_Work to be completed:_ With the pictures left out, please return exactly the line holding "Tourist motorized rafts" and each following line until the entries end.

*** Extracted data Section Begins ***

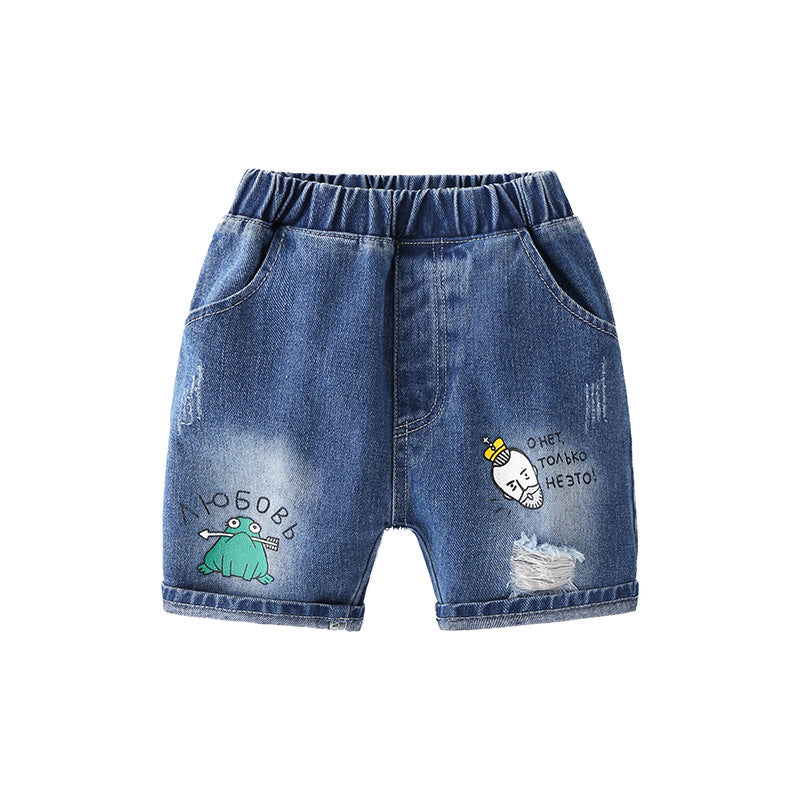 [513343] - Bawahan Pendek / Celana Jeans Anak - Motif Animal Scratches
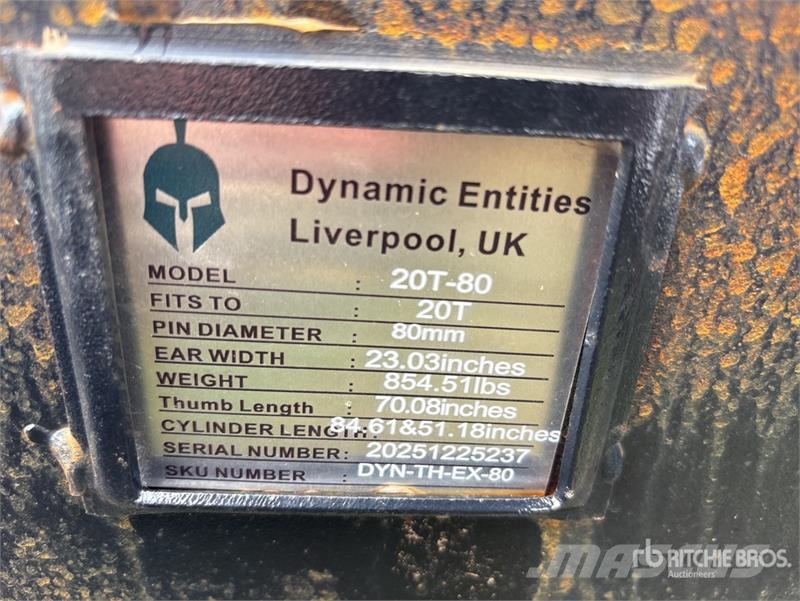 Dynamic Entities 7 in Hydraulic Excavator Thumb - Fits 20 Kašike / Korpe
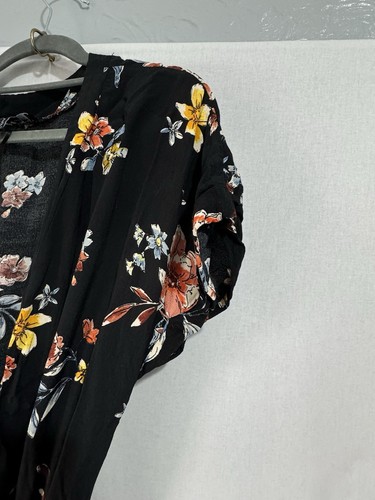 New Look Black Floral Culotte one piece Jumpsuit Size Uk 14 - Picture 8 of 9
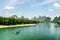 Tourist motorized rafts on the Li River with azure water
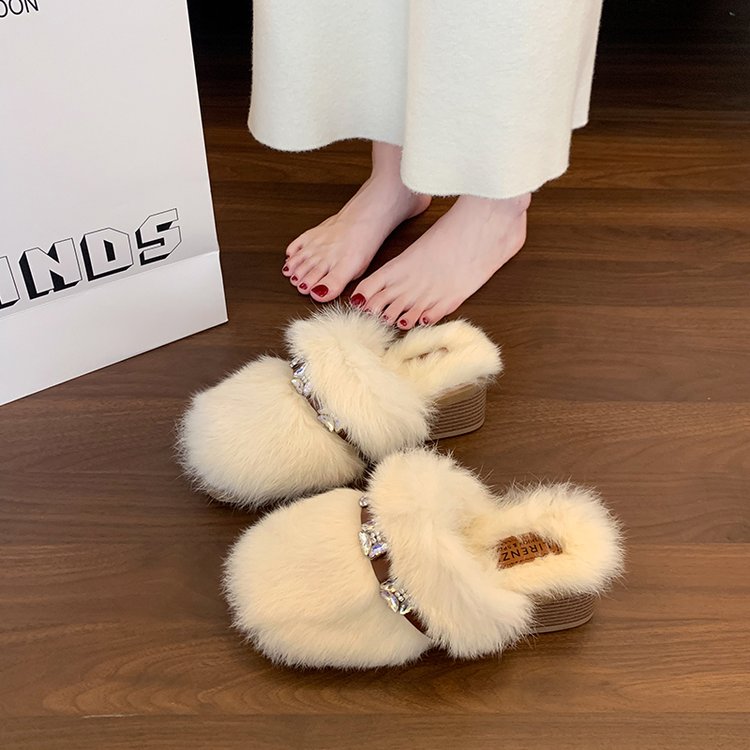 Women's Platform Rhinestone Luxury Furry Slippers, 2025 Autumn New Arrival, Soft Sole Versatile Niche Heightening Cotton Slippers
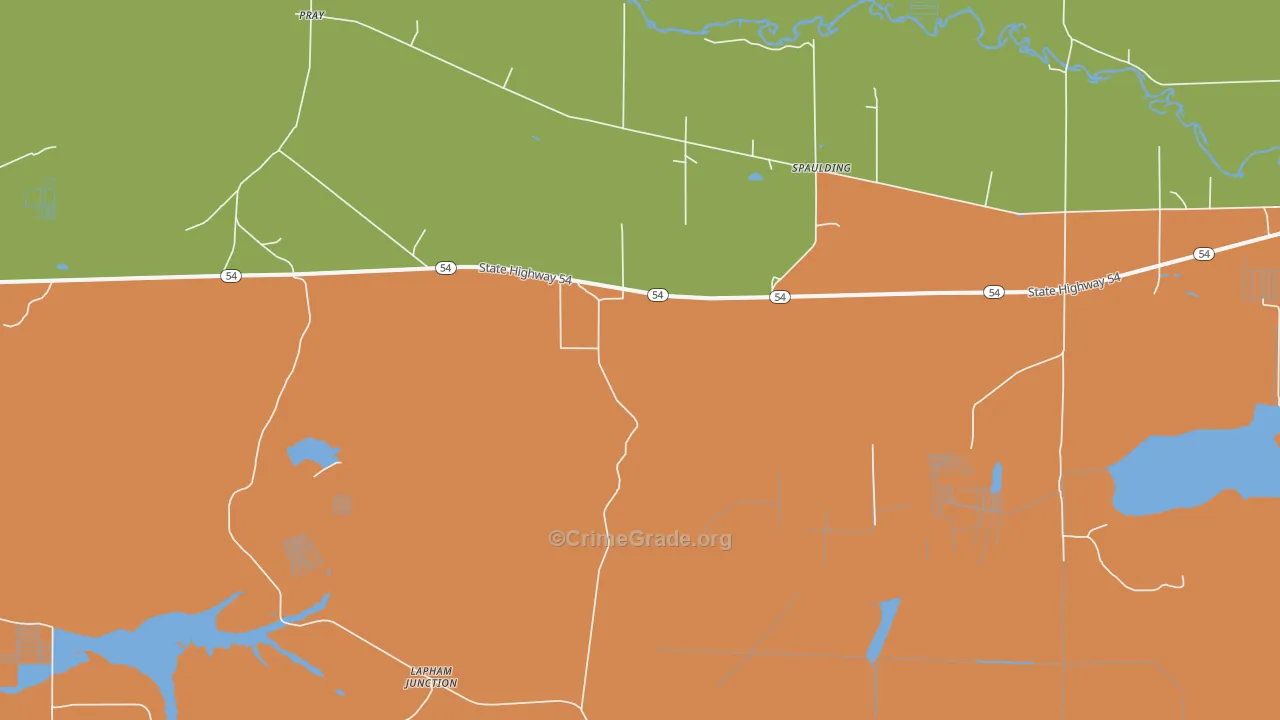 Spaulding, WI Map of Robbery Rates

*** Extracted data Section Ends ***

_Solution to this task:_
 Tourist motorized rafts on the Li River with azure water
 Women's Platform Rhinestone Luxury Furry Slippers, 2025 Autumn New Arrival, Soft Sole Versatile Niche Heightening Cotton Slippers
 Spaulding, WI Map of Robbery Rates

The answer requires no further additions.